NGLY1 deficiency is a rare disorder that can affect multiple systems of the body. Affected individuals may have delays in reaching developmental milestones, intellectual disability, movement disorders, seizures, liver disease, and an inability to produce tears when they cry (alacrima), or they may produce tears very infrequently. The specific symptoms and severity of this disorder can vary dramatically among affected individuals. Additional symptoms can develop in some children. NGLY1 deficiency is caused by a disease causing (pathogenic) variant (mutation) in the NGLY1 gene. This variant is inherited in an autosomal recessive pattern. As of April of 2021, fewer than 100 individuals with NGLY1 deficiency have been identified. It is possible that only the most severely affected children have been diagnosed and that descriptions of this disorder reflect these severely affected individuals. This happens because more severely affected children are more likely to be referred to specialists, receive genetic testing, and receive a diagnosis. Some researchers believe that affected individuals with milder forms of NGLY1 deficiency most likely exist.

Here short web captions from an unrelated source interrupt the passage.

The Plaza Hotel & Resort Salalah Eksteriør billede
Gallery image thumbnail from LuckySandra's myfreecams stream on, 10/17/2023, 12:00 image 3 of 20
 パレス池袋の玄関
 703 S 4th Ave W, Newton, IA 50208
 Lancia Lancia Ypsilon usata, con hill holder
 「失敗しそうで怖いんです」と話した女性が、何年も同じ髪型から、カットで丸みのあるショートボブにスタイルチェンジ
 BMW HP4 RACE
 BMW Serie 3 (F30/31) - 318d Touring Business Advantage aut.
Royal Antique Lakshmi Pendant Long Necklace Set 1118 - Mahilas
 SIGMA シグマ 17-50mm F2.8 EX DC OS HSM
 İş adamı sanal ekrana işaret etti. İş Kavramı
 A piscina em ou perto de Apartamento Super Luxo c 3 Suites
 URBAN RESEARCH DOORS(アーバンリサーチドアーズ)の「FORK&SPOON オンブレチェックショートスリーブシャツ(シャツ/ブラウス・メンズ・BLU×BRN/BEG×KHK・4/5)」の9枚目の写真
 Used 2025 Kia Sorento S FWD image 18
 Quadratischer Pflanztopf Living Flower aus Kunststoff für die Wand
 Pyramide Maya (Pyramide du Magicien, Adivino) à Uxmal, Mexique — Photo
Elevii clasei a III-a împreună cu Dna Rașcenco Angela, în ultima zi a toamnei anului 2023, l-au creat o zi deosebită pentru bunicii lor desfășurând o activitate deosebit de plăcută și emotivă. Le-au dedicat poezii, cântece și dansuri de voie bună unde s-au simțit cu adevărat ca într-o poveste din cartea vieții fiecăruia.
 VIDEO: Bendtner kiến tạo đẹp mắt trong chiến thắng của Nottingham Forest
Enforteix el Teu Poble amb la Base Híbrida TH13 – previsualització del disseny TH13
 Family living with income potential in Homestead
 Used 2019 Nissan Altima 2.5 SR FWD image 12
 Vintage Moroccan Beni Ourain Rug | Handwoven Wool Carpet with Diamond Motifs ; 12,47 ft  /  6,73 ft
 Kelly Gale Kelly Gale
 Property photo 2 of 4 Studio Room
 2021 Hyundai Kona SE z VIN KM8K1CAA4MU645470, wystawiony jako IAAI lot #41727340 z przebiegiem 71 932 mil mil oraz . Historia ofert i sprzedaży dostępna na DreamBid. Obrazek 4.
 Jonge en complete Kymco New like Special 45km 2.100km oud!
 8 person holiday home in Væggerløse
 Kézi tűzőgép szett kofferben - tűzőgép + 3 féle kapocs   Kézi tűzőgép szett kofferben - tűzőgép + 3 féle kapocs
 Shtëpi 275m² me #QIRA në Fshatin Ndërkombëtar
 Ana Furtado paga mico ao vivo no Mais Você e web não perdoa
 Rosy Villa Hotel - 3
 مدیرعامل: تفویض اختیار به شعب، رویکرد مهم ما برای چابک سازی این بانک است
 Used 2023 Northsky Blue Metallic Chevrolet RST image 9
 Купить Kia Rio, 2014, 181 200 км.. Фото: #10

Although researchers have been able to establish a clear syndrome with characteristic or “core” symptoms, much about the disorder is not fully understood. Several factors including the small number of identified cases, the lack of large clinical studies, and the possibility of other genes influencing the disorder prevent physicians from developing a complete picture of associated symptoms and prognosis. As researchers learn more about the disorder, the potential spectrum or specific pattern of symptoms will be clearer. Therefore, it is important to note that every child is unique and that an individual child may not have all the symptoms discussed below.
Affected infants often have diminished muscle tone (hypotonia), in which the baby is described as excessively “floppy.” About half have a low weight at birth and, despite a normal appetite, many infants will fail to gain weight or grow as would be expected based on their age and gender (failure to thrive). Some infants have difficulty swallowing and are at risk of food or liquids going down the wrong tube and ending up in the lungs (aspiration). Constipation can also occur. In some children, the circumference of the head, which is normal at birth, may be smaller than would be expected as they age (acquired microcephaly).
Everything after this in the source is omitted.